Adidas took investors by surprise a week ago with an initial report showing second-quarter earnings missing analysts’ estimates, partly because of the ruble’s drop amid Russia’s dispute with Ukraine. Chief Executive Officer Herbert Hainer is testing investors’ patience with the lower forecasts and climbing marketing expenses. Hainer predicted in May that Adidas would post a “strong” second quarter.
“Costs are moving higher across the board for the second half and into 2015,” John Guy, an analyst at Berenberg Bank with a sell recommendation on the stock, said today in a report to clients. “Execution remains a serious issue for this management team.”
Adidas fell as much as 2.6 percent and was trading down 2.2 percent at 56.76 euros at 9:38 a.m. in Frankfurt.
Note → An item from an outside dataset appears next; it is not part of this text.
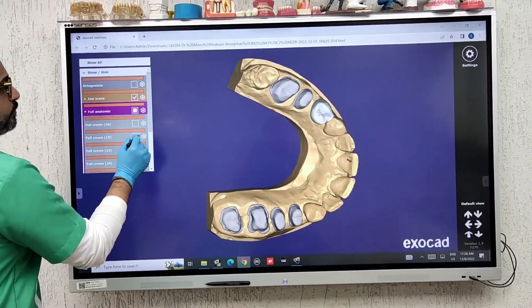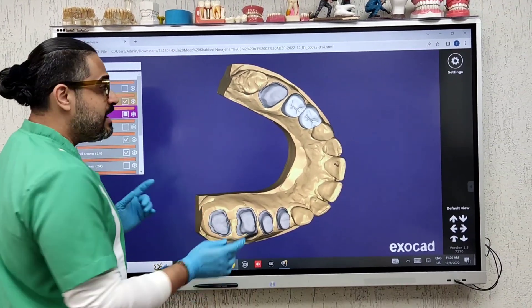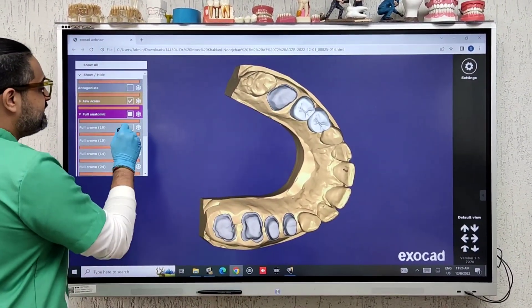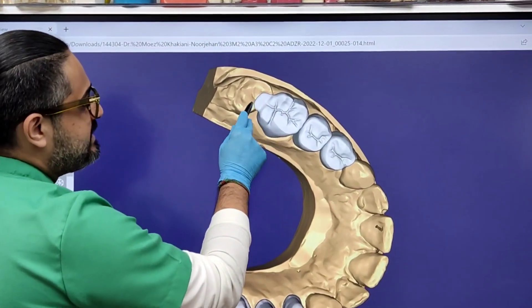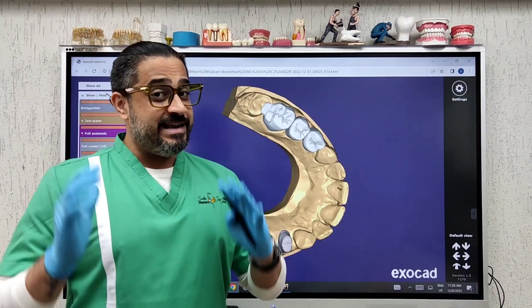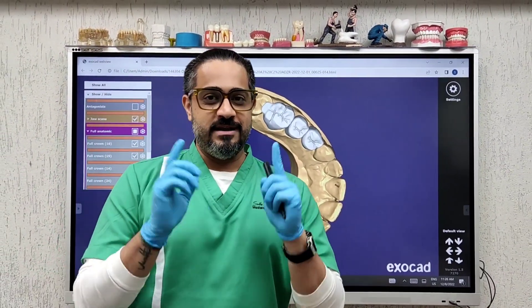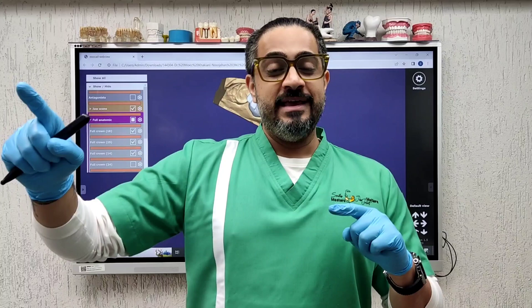The contours of the first and second premolar are kind of standard, but it's the first molar design which is critical. As you can see, the small extension over the seven is what is going to do the trick — it ensures that the upper seven does not supra-erupt. It's a small change in your design, but it can evade a major complication in the future.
The stock has fallen 39 percent this year, the worst performance on Germany’s benchmark DAX Index, dragged down by a 19 percent slide since Adidas released the initial profit report July 31.
Just three weeks ago, Adidas was celebrating the victory of its home country’s team in soccer’s World Cup. The company said its sponsorship of both teams that played in the final was sparking sales of more than 8 million replica World Cup jerseys as it aims for 2 billion euros in soccer-related revenue this year. The company’s Reebok casual exercise clothing and shoes have also been selling better.
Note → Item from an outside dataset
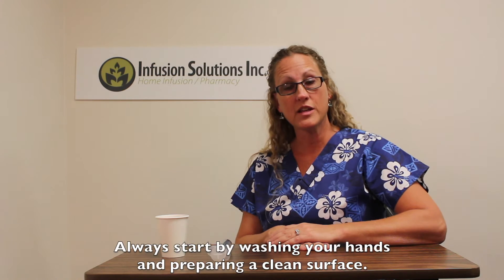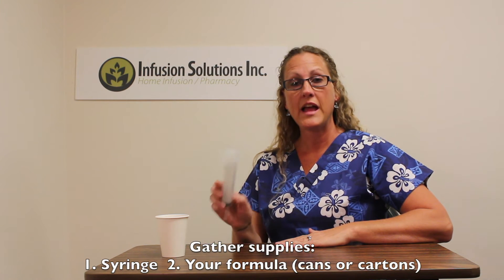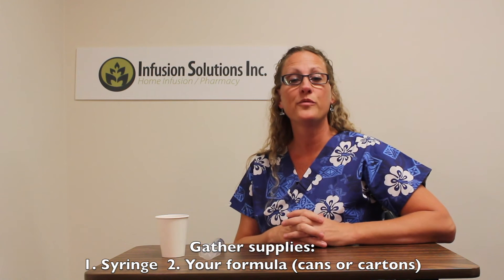When you start your bolus feeding, you'll make sure your hands are clean and you have a clean working surface. You'll have your supplies, which will be your syringe and your tube feed. The tube feed will either come in a can or in a carton.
The shoemaker is struggling with a downturn in the golf market, its dependence on conflict-stricken Russia and surrounding countries for more than 13 percent of sales, and the heavy spending needed to compete with market leader Nike Inc. (NKE:US) in the U.S.
“We take full responsibility to rectify our shortfalls swiftly,” Hainer said in today’s statement. Adidas will “take corrective steps to bring more stability to our future earnings.”
Second-quarter net income totaled 144 million euros, Adidas said on July 31, missing the 150 million-euro average analyst estimate. Sales increased 2 percent to 3.47 billion euros, about matching analysts’ average though held back by an 18 percent drop at the golf division. First-half sales in North America dropped 14 percent, and fell 7.3 percent in Asia outside China, Adidas said today.
The shoemaker reduced its forecast for 2014 net income last week, predicting about 650 million euros, compared with the 830 million euros to 930 million euros it previously anticipated. Adidas scrapped a long-standing growth target for sales next year of 17 billion euros and an operating margin of 11 percent of revenue. Analysts surveyed by Bloomberg expect 2015 sales of 15.5 billion euros.
Adidas said it plans to close stores and delay openings in Russia, a market where 2013 sales exceeded 1 billion euros. Adidas had previously planned to end this year with more than 100 net new stores in the country, spokeswoman Katja Schreiber has said.